# Protool Demoversion



## luki2 (3 Februar 2009)

Hallo Miteinander!

Ich habe gelesen dass es von Protool eine Demo- bzw. Testversion gibt die unter Windows XP bzw. 2000 läuft. Kann mir bitte jemand sagen wo ich diese herbekomme bzw. bestellen kann.

mfg Luki2


----------



## Sandman (5 Februar 2009)

Woher hast Du denn die Info?! ProTool ist eh nicht Lizenspflichtig (außer der Runtime) ... also braucht man auch keine Demo. Ab V6.0 SP2 kannst Du WinXP nutzen, mit der V6.0 SP3 auch WinXP SP2. Das bekommt man doch schon überall hinterher geschmissen da man es mit den aktuellen Panels nicht mehr nutzen kann.


----------



## seeba (5 Februar 2009)

Natürlich ist auch die Engineeringumgebung lizenzpflichtig!


----------



## luki2 (5 Februar 2009)

Das mit der Demoversion hat sich wahrscheinlich eh schon erledigt.
Ich versuche jetzt eine Visualisierung über VisAM.
Leider habe ich dort noch Probleme Datenwörter mit meiner S5 auszutauschen!
Ich währe über jeden hilfreichen Beitrag froh.
danke


----------



## VTP (15 Februar 2009)

*VisAM - Simatic S5*

Die VisAM UL-VErsion steht unter www.visam.de kostenlos zum downlaod!
Bei konkreten Fragen, einfach eine E-Mail an info@visam.de
...dies gilt auch für nicht registrierte Nutzer der kostenlosen UL-Version!!


----------



## Sandman (15 Februar 2009)

bei ProTool ist die Engineeringumgebung nicht lizenspflichtig (nur die RT)... es geht ja nicht um Flexible bei dem das so ist


----------



## Ralle (15 Februar 2009)

Zum Installieren von ProTool benötigt man aber zumindest die 1. Originaldiskette oder eine Kopie davon. Das mußte eine Originalversion sein, spätere Updates wollten immer diese 1. Orignaldiskette haben.


----------



## MSB (15 Februar 2009)

@Sandmann
Ist mir ja egal wie du das nennst ...

Nur weil Protool keine Authorisierung oder neu License-Key benötigt,
heißt das noch lange nicht das diese nicht als "offizielle" Lizenz erworben werden muss ...

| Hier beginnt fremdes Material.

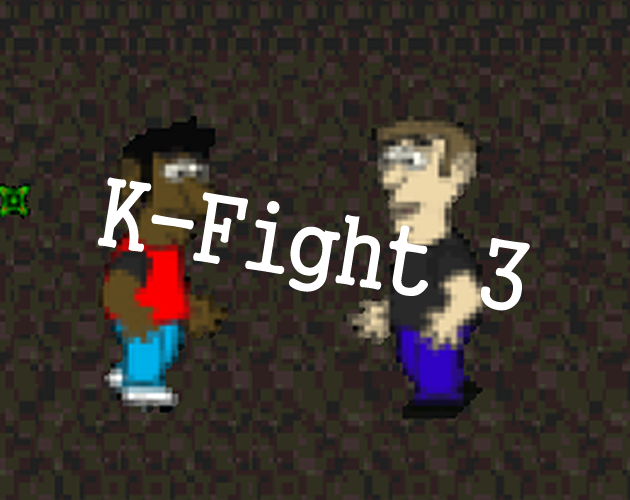 K-Fight 3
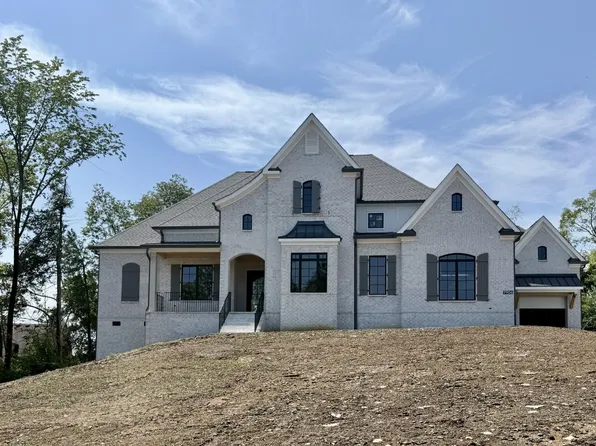 9906 Amarosa Ct Lot 14, Brentwood, TN 37027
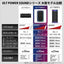 SONY ソニー ワイヤレスポータブルスピーカー SRS-ULT700 ULT TOWER 7 重低音 Bluetooth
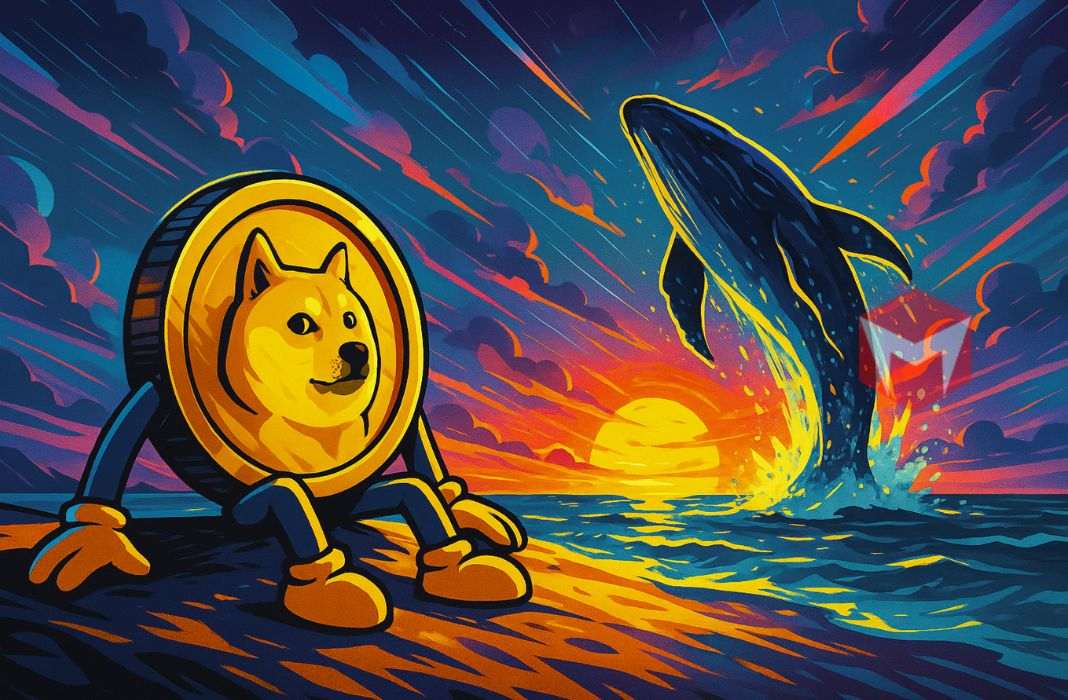 Ready to rally affected by Whale action US $ 21 million – Blockchain Media Indonesia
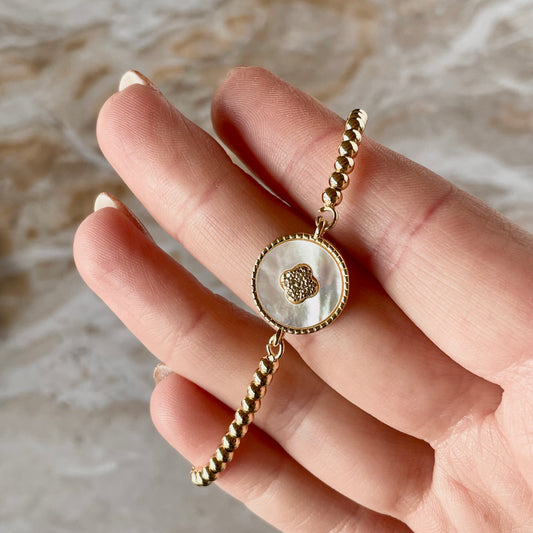 Moonwatch Shifter Bracelet-Bracelet-Southern Jewewellery Co.-Southern Goods Co.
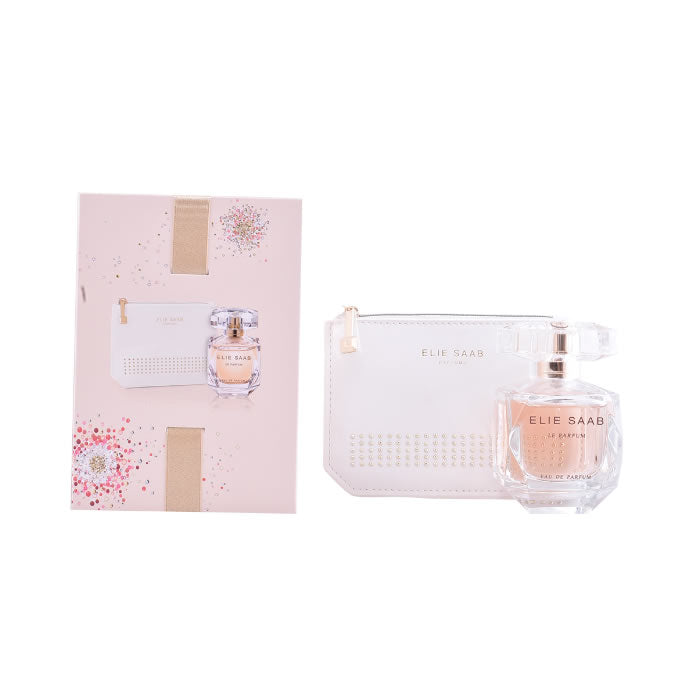 Elie Saab ELIE SAAB LE PARFUM SET 2 pz - PerfumezDirect®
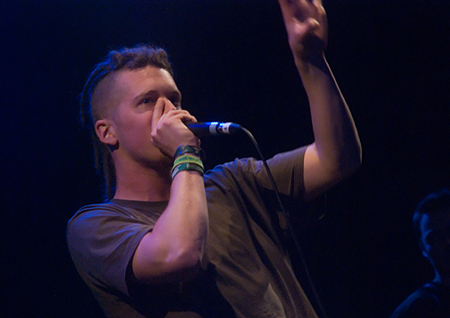 Johno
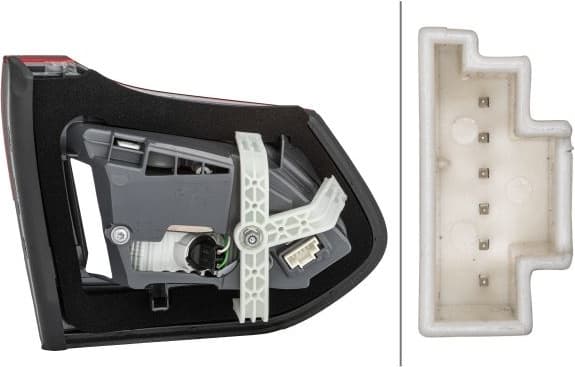 Tail Light Assembly 2TZ354875041 - image 2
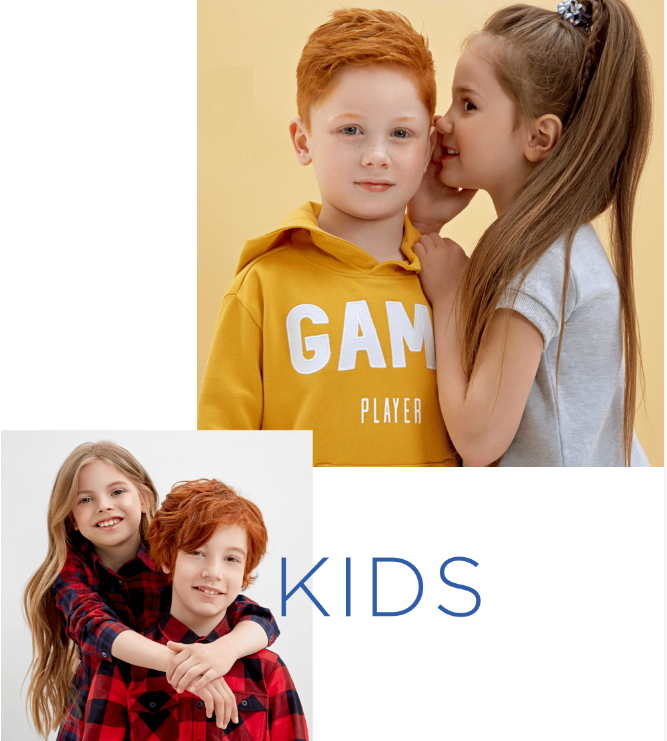 Сбор 5 до 26/07 Классный ребенок - Стильный ребенок! Проверим кто лучше! Новый бренд известного и всеми любимого поставщика! Сбор 5 до 26/07 Классный ребенок - Стильный ребенок! Проверим кто лучше! Новый бренд известного и всеми любимого поставщика!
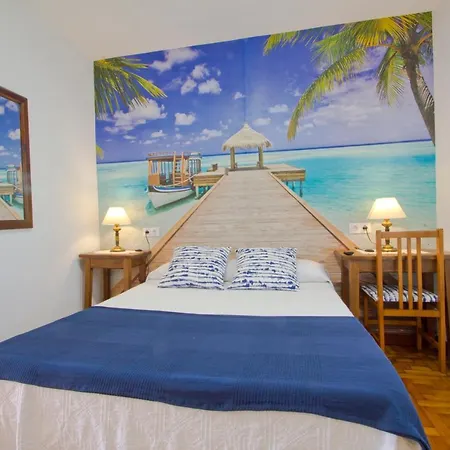 Maria Jesus 3* 桑提亚纳德玛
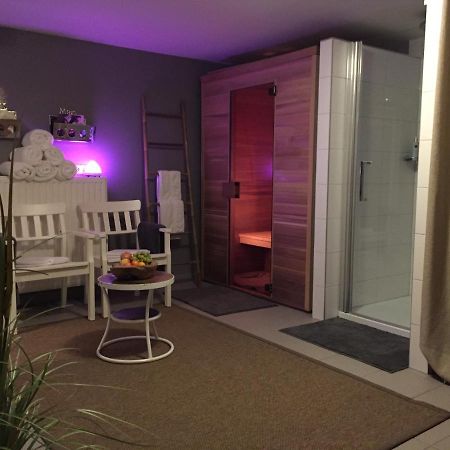 Bed & Breakfast Mestreech Μάαστριχτ Εξωτερικό φωτογραφία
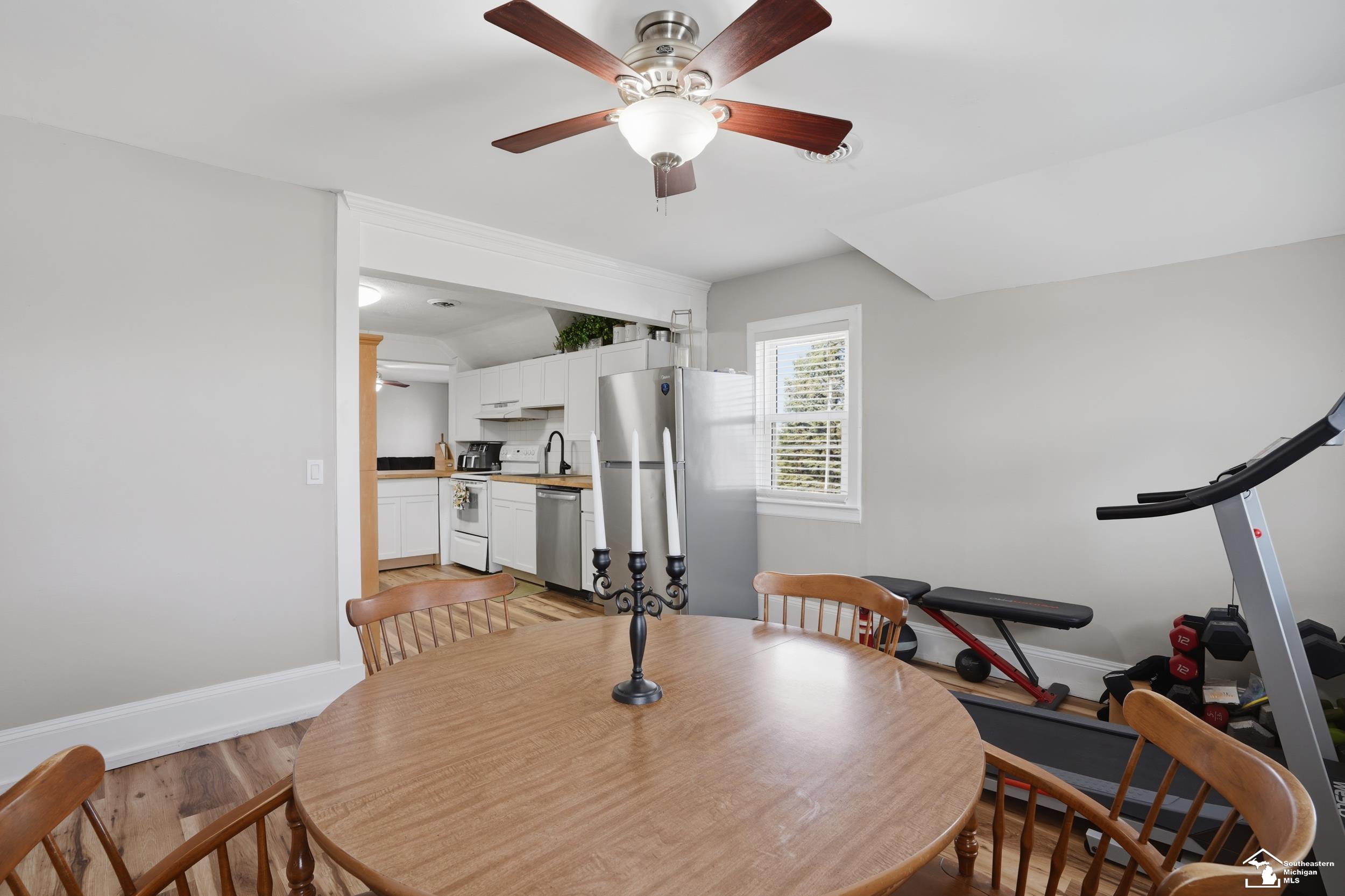 119 Redman Road, Milan, MI, 48160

Bei Protool gab es wie bei Flex auch 3 Versionen, die da Lite, Standard, Pro/CS hießen ... und natürlich auch entsprechend beschränkte Demos ...
Entsprechend war auch der preisliche Unterschied zwischen diesen Versionen.

Mfg
Manuel


----------



## MSB (15 Februar 2009)

Ralle schrieb:


> Zum Installieren von ProTool benötigt man aber zumindest die 1. Originaldiskette oder eine Kopie davon. Das mußte eine Originalversion sein, spätere Updates wollten immer diese 1. Orignaldiskette haben.



Das gilt 1. nur für Update/Upgrade-Versionen, außerdem benötigen diese nur "irgendwo" eine gültige Protool Exe.


----------



## luki2 (15 Februar 2009)

Hallo Leute!

Danke für eure Beiträge.
ich habe mir die ul-version von visam heruntergeladen und bin bis jetzt schwer zufrieden.
am anfang ist es zwar ein wenig gewöhnungsbedürftig das ganze, aber mit ein wenig übung haut das auch hin.


----------